**INFORMATION SHOWN:**
= = = =

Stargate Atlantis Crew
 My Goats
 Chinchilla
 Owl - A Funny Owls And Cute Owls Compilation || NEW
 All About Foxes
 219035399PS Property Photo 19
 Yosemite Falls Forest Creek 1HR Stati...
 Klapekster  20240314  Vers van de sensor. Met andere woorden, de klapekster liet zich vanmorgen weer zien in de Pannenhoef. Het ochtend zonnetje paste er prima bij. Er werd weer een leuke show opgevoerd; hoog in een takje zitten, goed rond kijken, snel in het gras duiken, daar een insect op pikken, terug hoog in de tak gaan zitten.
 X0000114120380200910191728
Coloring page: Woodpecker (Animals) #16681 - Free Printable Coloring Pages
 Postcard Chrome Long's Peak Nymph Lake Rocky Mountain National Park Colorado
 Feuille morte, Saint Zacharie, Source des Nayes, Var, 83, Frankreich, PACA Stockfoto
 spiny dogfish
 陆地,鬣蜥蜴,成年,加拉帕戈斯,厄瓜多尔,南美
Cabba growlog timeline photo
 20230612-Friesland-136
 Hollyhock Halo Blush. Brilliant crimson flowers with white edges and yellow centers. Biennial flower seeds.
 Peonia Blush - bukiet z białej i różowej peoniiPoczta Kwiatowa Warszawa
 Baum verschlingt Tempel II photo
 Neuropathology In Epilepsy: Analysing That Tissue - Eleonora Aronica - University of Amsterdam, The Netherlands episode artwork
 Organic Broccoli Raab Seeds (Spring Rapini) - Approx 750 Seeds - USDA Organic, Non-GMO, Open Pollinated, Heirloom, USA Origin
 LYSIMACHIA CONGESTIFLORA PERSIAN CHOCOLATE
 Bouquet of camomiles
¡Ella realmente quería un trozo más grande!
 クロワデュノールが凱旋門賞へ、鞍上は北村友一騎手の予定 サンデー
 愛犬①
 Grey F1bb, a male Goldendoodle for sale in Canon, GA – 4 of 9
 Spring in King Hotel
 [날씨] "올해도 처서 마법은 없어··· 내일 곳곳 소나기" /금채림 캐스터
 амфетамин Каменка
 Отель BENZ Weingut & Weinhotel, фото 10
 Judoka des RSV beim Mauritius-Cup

= = = =

**ABOUT THIS EXERCISE:** The response must consist solely of the lines from the one with "처서 마법은 없어···" through the end of the listing above, copied exactly; please include the first and the last.

**PROBLEM SOLUTION:**
 [날씨] "올해도 처서 마법은 없어··· 내일 곳곳 소나기" /금채림 캐스터
 амфетамин Каменка
 Отель BENZ Weingut & Weinhotel, фото 10
 Judoka des RSV beim Mauritius-Cup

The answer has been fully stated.